Amphisbaenian origins

With their worm-like bodies and powerful burrowing heads, amphisbaenians have long been a mystery to taxonomists and evolutionary biologists alike. Over the past century, they have been aligned with everything from snakes to various lizard clades, while their in-group relationship remain obscure. This is largely due to the vast amounts of homoplasies both within and between amphisbaenians and other limbless squamates, which tend to converge on similar head and body shapes under the pressures of a burrowing lifestyle.

My DFG-funded postdoc at the Museum für Naturkunde Berlin sought to tease apart these factors to identify the timing and sequence of events leading to fossorality and limb loss from a terrestrial limbed ancestor. The fossil record is critical to reconstructing this transformation, which we demonstrated using CT scans of the Eocene amphisbaenian Spathorhynchus fossorium from the Green River Formation, USA.

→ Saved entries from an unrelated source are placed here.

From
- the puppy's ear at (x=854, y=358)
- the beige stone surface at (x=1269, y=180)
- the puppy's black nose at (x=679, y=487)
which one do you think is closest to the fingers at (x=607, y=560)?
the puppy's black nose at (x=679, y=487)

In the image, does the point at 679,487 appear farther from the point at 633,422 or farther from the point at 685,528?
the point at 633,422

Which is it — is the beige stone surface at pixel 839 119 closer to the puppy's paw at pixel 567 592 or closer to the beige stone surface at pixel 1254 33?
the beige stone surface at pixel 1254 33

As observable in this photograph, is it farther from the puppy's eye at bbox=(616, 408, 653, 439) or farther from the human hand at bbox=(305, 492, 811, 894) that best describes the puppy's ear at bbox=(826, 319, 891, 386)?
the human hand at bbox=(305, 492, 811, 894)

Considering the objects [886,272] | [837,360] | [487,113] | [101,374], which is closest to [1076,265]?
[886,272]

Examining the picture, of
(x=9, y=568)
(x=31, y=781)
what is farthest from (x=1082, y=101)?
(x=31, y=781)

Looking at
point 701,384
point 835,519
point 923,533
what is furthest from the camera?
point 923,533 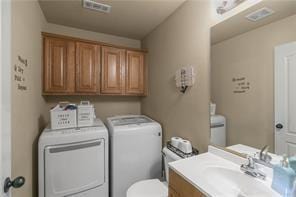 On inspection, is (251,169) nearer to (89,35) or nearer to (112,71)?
(112,71)

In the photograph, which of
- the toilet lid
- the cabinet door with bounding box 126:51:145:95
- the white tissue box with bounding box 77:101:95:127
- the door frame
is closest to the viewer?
the door frame

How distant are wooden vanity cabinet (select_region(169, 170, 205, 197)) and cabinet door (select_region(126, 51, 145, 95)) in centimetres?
151

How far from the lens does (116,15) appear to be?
203cm

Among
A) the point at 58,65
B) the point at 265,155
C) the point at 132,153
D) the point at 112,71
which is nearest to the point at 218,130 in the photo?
the point at 265,155

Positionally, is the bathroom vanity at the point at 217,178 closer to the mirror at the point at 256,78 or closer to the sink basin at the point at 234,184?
the sink basin at the point at 234,184

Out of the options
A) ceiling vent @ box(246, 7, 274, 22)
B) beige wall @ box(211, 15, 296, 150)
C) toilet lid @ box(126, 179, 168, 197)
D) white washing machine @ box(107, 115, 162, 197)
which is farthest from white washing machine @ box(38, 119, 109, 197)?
ceiling vent @ box(246, 7, 274, 22)

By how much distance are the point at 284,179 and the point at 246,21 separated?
1061 mm

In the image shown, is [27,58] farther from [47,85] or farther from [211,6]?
[211,6]

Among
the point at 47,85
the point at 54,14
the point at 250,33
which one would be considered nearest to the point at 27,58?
the point at 47,85

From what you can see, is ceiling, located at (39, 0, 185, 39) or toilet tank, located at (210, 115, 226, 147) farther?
ceiling, located at (39, 0, 185, 39)

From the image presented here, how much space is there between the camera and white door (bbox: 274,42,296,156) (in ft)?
3.20

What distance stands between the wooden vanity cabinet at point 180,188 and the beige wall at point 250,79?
55 cm

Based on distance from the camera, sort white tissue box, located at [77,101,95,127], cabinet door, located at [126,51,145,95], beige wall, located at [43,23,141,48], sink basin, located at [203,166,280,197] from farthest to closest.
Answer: cabinet door, located at [126,51,145,95] < beige wall, located at [43,23,141,48] < white tissue box, located at [77,101,95,127] < sink basin, located at [203,166,280,197]

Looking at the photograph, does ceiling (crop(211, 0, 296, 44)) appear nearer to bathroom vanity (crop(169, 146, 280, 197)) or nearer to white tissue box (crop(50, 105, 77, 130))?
bathroom vanity (crop(169, 146, 280, 197)) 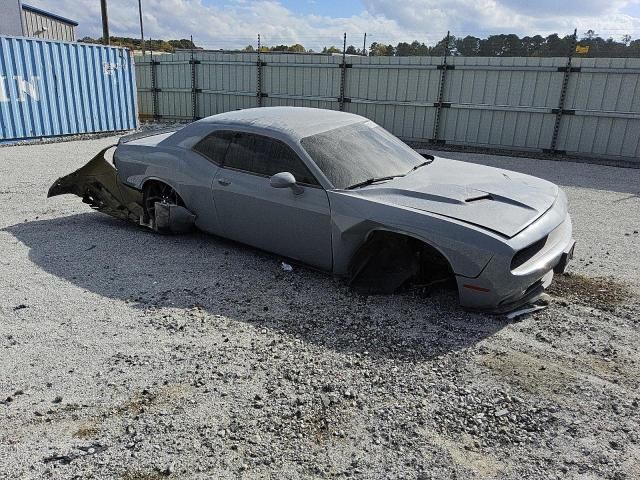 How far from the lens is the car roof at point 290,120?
16.0ft

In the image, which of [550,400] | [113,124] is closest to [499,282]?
[550,400]

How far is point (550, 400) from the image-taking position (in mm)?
3025

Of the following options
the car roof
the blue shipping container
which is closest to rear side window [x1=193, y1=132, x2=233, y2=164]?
the car roof

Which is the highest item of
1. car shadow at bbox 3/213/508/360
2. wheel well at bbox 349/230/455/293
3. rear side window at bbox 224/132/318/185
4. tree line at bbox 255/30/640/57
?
tree line at bbox 255/30/640/57

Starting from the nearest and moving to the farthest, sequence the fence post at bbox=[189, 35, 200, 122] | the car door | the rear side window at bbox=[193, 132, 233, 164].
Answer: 1. the car door
2. the rear side window at bbox=[193, 132, 233, 164]
3. the fence post at bbox=[189, 35, 200, 122]

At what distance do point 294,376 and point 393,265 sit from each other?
149 cm

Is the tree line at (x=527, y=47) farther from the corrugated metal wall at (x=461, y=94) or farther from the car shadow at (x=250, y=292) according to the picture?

Sagittal cross-section of Spathorhynchus fossorium with matrix in yellow

By tracking anatomical changes across the amphisbaenian phylogeny, we confirmed several instances of parallel evolution and reversals of supposedly ‘unique’ traits associated with fossoriality, suggesting a far more complex character history than previously thought.

I am also interested in the development and morphology of living amphisbaenians, particular regarding constraints on phenotypic evolution (e.g., the West African Coast worm lizard Cynisca leucura, the Caribbean radiation) and geographic distributions (the Florida worm lizard and Rhineuridae).